Depuis 2019, les exemples de collaborations avec des jeux vidéo émergent dans le secteur du luxe. Louis Vuitton a lancé le mouvement dès 2019 avec Riot Games. Puis a annoncé en avril 2021 sa prochaine collaboration avec Uniqlo. En effet, les tenues Marc Jacobs et Valentino font des apparitions dans Animal Crossing etc. En septembre 2021, Balenciaga a créé des tenues pour des personnages du jeu Fortnite.
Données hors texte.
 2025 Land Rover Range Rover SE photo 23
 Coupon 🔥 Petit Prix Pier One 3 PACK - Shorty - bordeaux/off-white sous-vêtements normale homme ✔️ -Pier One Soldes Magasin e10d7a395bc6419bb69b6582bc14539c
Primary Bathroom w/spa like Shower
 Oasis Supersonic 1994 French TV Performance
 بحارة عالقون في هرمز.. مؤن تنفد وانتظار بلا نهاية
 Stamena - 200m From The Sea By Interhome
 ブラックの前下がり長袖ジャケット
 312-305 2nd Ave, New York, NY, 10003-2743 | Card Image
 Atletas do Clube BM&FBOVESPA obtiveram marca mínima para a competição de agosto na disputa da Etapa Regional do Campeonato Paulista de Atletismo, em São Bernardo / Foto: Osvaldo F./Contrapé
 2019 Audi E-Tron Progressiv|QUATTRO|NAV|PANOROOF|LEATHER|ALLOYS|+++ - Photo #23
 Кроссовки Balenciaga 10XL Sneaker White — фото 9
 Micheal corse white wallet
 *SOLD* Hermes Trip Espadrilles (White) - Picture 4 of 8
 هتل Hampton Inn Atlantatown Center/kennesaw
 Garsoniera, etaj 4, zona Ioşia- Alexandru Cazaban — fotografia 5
Les joueurs peuvent choisir des tenues et des accessoires mais également entrer dans une boutique de la marque et y exécuter une petite “danse Balenciaga”, ou proposer des photos de leurs personnages vêtus de leurs nouvelles tenues afin qu’elles soient diffusées sur les panneaux virtuels de Fortnite. Dans la réalité, les vrais humains ont pu découvrir le billboard de Doggo, l’un des personnages du jeu, sur Times Square et s’offrir des produits Balenciaga pour Fortnite en boutique.

Credit: Unreal Engine.
Marques émergentes, mode éthique: pour elles aussi “seule la créativité est la limite”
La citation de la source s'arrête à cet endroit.